Uvicorn, Gunicorn and FastAPI

Kenneth Wong

2025-02-13

10 min read

Investigative work I did for a fastAPI project that I am currently working on

backend

python

Recently I have been working on a project that uses fastAPI as the webserver. Our project is low on CPU utilization. Our webserver mainly sends out HTTP requests to 3rd party APIs and servers the response to the client. Hence, our workload is IO-bound.

Python has the GIL (Global Interpreter Lock) that prevents threads from running in parallel, meaning that multithreading will still be ran only by the main thread. This made me look deeper into how we can optimize and scale our fastapi application to serve more requests.

Fastapi

Fastapi incorporates Asyncio to handle concurrent requests, meaning that the main thread can pre-empt async functions to handle incoming requests. This is great for IO-bound applications as the bottleneck is IO and not the CPU.

With that said, it is also important not to include blocking functions in the async functions as it will essentially negate the purpose of using asyncio, it will block the main thread and not allow other requests to be handled. A famous pitfall is using time.sleep().

Multithreading

I use multithreading when I need to make concurrent network calls to reduce latency. This has a smaller memory footprint and allows easy memory sharing between threads. It makes more sense to spin threads than to spin processes in this case as network calls are IO-bound.

Multiprocessing

I use multiprocessing when I need to handle CPU-bound tasks. For example, I needed to compress mp3 files in the background, so to prevent blocking the main thread, I spun up a new process to handle the compression, allowing the main thread to continue serving requests.

Multiprocessing has a larger memory footprint as we copy the entire memory space for each process. This also means that memory sharing is more difficult. Fortunately, each mp3 file was unique so we did not run into any synchronization issues or requirement of mutex.

Uvicorn and Gunicorn

Uvicorn and Gunicorn are process managers that bind to a port. Each worker is responsible for intercepting a users request, getting the scope and data and passing the data to the application running on the worker. They help with scaling the application internally (within the same container) by spinning up workers to loadbalance the requests. For external scaling, we would probably need a Load Balancer and a container orchestration tool like Kubernetes.

WSGI and ASGI

WSGI (Web Server Gateway Interface) is a specification for a Python interface to web servers. It is a synchronous interface, meaning that each request is handled by one worker.

ASGI (Asynchronous Server Gateway Interface) is a specification for a Python interface to web servers. It is an asynchronous interface, meaning that each request is handled by one worker. It is the successor to WSGI as it can handle asynchronous operations, which is a big part of modern web development due to the increase in outbound network requests.

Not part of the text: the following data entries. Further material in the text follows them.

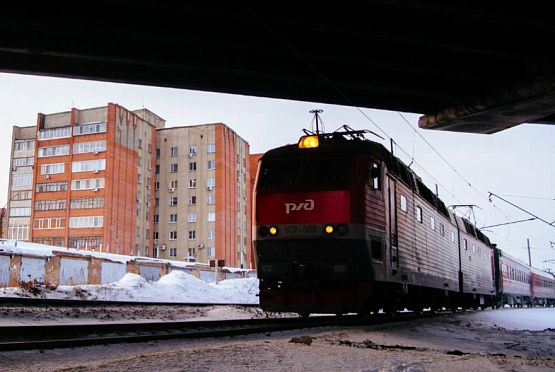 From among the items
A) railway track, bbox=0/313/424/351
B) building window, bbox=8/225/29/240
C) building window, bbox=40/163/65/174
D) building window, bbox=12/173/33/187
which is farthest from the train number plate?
building window, bbox=12/173/33/187

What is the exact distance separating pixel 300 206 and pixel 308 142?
148 cm

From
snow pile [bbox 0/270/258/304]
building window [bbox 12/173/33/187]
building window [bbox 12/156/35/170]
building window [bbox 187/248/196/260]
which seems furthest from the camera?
building window [bbox 12/156/35/170]

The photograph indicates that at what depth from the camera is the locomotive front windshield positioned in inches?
411

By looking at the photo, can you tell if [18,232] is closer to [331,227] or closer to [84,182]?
[84,182]

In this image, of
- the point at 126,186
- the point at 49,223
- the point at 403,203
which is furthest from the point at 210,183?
the point at 403,203

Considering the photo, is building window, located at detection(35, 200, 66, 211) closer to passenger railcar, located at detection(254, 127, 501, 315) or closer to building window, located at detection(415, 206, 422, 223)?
building window, located at detection(415, 206, 422, 223)

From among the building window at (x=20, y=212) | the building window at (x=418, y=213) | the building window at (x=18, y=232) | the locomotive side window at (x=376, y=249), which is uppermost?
the building window at (x=20, y=212)

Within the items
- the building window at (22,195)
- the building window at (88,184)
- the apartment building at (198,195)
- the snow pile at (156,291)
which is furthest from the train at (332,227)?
the building window at (22,195)

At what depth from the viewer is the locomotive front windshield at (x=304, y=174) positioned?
1043 centimetres

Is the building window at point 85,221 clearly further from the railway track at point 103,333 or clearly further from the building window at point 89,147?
the railway track at point 103,333

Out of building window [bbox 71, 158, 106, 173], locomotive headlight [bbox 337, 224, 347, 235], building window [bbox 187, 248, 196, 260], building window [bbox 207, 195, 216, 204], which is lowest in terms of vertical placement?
locomotive headlight [bbox 337, 224, 347, 235]

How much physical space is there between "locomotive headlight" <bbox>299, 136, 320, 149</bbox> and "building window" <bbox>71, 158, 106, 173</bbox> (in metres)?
55.2

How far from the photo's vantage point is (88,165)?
63.9 m

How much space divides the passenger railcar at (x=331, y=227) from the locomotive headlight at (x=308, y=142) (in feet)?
0.07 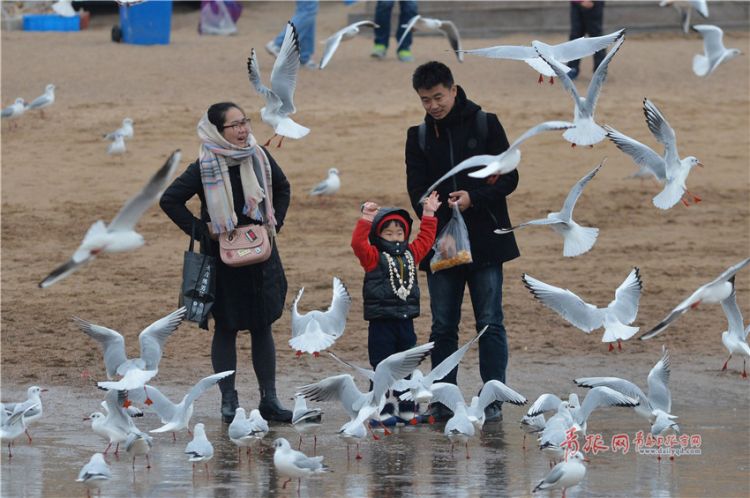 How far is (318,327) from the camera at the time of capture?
7.83 meters

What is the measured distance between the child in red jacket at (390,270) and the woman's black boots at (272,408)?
57 cm

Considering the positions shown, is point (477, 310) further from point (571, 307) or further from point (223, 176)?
point (223, 176)

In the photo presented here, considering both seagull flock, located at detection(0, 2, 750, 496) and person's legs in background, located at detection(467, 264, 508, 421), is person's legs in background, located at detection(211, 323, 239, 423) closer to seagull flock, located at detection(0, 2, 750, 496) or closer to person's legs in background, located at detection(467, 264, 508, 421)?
seagull flock, located at detection(0, 2, 750, 496)

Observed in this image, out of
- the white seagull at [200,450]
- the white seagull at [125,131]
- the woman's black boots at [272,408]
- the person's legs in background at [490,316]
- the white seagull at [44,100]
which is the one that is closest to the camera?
the white seagull at [200,450]

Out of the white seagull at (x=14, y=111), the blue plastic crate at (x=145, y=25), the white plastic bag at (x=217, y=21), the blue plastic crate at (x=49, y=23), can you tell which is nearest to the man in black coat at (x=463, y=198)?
the white seagull at (x=14, y=111)

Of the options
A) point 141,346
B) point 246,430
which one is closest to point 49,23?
point 141,346

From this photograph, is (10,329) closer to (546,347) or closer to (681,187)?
(546,347)

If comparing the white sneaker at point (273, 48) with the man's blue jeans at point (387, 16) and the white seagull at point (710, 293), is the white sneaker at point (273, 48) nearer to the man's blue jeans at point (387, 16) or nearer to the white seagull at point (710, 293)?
the man's blue jeans at point (387, 16)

Gunicorn is a WSGI server, hence it is not compatible with FastAPI as FastAPI is an ASGI application as mentioned above. Gunicorn provides you finer grain control over the workers and the application. Moreover, Gunicorn does not support persistent connections, it terminates once a response is sent, regardless whether there is a keep alive header.

However, Uvicorn has a Gunicorn compatible worker that allows us to run Gunicorn with FastAPI. This is great as we can have finer grain control over the workers and internally scale up the # of requests we can handle.

According to Gunicorn, it is recommended to spin up 2*cpu_cores + 1 workers, as it is under the assumption that for each core, there will be a worker responsible for processing requests and another for receiving requests. There is no golden number for the number of workers, too little and you will not be able to utilize the full potential of the CPU, too many and you will have idle workers taking up memory. In the end, trial and error is the best way to determine the number of workers that your application needs.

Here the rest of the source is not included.